А по-нашему, знаете: Хочь клочья, хочь вовна, абы кишка повна .
— А какой то былъ народъ, — спросилъ я, — на этомъ кораблѣ?
— Волочуги, — сказалъ Кончакъ, — голота на подборъ. Такіе были, что съ голоду насквозь свѣтятся. Даже лохмотьевъ на спинѣ чертъ ма!
— А гдѣ онъ ихъ набралъ? — настаивалъ я.
— Должно быть, вездѣ понемногу, — сентенціозно сказалъ Кончакъ. — А только все больше Деги были, чернявые, волосатые. Иные то, должно быть, изъ мужиковъ, въ красныхъ шапкахъ и деревянныхъ лаптяхъ, а съ ними бабы въ монистахъ, а ребятишки босенькіе, какъ у насъ.
Дегами, Dagoes, янки называютъ южныхъ латинцевъ.
— Какъ же вы ѣхали? — продолжалъ я спрашивать.
— Ѣхали мы скверно! — признался Кончакъ. — Прямо сказать, очень нехорошо.
Первое дѣло, народу много было, а пароходъ былъ чудной, мѣсто есть, а спать не на чемъ. Лавокъ нѣтъ. Половина спала на полу, а на полу мокро, течетъ пароходъ. Народъ все непривычный къ морю, закачало всѣхъ, и меня съ ними выворотило всего.
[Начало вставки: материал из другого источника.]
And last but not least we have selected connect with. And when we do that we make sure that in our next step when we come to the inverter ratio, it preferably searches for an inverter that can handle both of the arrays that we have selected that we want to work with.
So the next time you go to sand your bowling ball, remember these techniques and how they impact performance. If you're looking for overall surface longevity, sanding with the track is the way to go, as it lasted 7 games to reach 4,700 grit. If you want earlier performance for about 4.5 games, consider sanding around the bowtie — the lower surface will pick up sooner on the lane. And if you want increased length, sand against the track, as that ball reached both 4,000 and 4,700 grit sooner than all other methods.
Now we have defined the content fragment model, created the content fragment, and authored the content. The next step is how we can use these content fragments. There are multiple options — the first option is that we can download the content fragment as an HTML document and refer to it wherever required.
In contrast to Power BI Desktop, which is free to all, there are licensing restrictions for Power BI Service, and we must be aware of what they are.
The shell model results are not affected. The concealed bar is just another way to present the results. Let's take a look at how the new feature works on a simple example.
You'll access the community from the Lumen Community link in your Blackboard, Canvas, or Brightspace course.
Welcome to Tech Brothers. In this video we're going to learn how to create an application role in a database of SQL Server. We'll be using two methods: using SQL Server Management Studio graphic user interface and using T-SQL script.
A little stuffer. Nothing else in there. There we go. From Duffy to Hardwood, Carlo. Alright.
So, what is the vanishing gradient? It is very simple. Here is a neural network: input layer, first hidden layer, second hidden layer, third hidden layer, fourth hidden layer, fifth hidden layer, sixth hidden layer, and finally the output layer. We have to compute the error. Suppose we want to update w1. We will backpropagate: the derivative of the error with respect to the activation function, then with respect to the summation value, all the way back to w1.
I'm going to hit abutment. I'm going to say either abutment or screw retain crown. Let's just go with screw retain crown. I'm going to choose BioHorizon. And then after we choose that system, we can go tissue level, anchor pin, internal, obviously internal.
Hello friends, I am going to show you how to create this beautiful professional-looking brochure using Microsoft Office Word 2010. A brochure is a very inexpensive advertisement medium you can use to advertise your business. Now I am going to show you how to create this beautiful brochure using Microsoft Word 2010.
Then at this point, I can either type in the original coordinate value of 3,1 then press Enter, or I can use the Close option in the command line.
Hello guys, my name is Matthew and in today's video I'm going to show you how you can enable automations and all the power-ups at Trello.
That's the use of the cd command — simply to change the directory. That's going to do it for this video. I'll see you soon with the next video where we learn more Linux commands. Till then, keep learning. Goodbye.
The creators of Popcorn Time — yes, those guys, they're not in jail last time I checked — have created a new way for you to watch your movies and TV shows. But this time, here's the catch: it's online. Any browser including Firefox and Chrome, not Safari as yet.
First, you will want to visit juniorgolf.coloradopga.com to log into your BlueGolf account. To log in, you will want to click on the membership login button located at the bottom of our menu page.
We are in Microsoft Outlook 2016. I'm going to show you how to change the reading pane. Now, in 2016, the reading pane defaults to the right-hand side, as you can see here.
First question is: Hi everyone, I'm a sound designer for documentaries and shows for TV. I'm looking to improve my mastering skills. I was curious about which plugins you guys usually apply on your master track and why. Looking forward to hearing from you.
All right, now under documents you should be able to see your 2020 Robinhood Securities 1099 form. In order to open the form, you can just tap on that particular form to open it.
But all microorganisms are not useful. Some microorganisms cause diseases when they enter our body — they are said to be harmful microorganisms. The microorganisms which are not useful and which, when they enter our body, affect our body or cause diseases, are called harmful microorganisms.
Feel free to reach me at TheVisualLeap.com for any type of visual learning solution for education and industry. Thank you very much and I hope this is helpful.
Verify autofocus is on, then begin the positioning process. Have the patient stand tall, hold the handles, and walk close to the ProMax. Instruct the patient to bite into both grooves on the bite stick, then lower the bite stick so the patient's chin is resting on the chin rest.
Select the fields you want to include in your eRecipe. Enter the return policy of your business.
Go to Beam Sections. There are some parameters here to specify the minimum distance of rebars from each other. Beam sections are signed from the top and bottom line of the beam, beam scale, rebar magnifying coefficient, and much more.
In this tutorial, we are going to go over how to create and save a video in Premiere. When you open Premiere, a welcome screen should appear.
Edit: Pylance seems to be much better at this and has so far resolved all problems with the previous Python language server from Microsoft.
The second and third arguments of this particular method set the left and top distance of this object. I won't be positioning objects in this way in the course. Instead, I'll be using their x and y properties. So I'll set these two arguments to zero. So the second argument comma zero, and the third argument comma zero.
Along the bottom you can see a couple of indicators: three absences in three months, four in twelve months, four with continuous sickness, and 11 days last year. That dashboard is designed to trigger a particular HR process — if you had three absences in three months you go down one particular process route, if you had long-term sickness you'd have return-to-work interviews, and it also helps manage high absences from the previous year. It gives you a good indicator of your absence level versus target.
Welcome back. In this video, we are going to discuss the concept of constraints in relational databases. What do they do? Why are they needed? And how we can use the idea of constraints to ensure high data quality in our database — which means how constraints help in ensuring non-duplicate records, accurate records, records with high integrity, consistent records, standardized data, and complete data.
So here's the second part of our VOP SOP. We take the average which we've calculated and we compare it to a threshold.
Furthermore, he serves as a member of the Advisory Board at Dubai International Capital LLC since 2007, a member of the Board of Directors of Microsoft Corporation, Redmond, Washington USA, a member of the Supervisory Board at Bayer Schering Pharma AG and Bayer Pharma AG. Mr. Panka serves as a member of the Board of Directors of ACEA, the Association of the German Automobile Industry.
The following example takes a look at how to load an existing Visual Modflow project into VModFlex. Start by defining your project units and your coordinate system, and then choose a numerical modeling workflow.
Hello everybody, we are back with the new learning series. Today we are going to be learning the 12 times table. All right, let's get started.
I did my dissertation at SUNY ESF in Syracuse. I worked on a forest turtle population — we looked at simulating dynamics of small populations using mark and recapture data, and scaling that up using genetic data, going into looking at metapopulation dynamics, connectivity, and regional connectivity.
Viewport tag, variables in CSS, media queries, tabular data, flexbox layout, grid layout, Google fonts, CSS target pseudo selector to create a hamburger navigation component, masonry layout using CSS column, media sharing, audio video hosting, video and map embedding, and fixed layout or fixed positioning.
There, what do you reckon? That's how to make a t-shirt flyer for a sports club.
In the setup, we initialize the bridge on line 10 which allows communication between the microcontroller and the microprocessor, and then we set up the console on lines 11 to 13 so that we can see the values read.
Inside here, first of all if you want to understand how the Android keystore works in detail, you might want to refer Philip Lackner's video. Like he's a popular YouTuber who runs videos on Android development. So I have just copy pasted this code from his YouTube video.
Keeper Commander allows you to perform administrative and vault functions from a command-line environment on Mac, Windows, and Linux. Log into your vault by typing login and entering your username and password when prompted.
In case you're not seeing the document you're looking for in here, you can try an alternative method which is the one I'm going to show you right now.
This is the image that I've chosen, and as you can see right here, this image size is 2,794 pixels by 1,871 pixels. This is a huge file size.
Даже сухари на умъ не пошли, — прибавилъ Кончакъ съ улыбкой, какъ будто разсказывалъ что-нибудь очень забавное.
— А долго вы ѣхали? — спросилъ я.
— Ѣхали долго! — сказалъ Кончакъ. — А сколько дней, не умѣю сказать. Такое, видишь, вышло, что я счетъ потерялъ. Вѣтренное было время, со всѣхъ боковъ вѣтеръ дуетъ, наверхъ выйти нельзя, всего водой обдастъ. Весь народъ сидитъ внизу. А между тѣмъ пароходъ съ боку на бокъ бросаетъ. Какъ броситъ, всѣхъ людей опрокинетъ, мѣшки вмѣстѣ летятъ, ребятишки плачутъ, бабы блюютъ, бѣда да и только. Три дня насъ бросало, потомъ потихло. Ожили мы. Сталъ я на разговоры пускаться, да опять новый языкъ, не тотъ, что въ городѣ. Ничего не выходитъ у меня.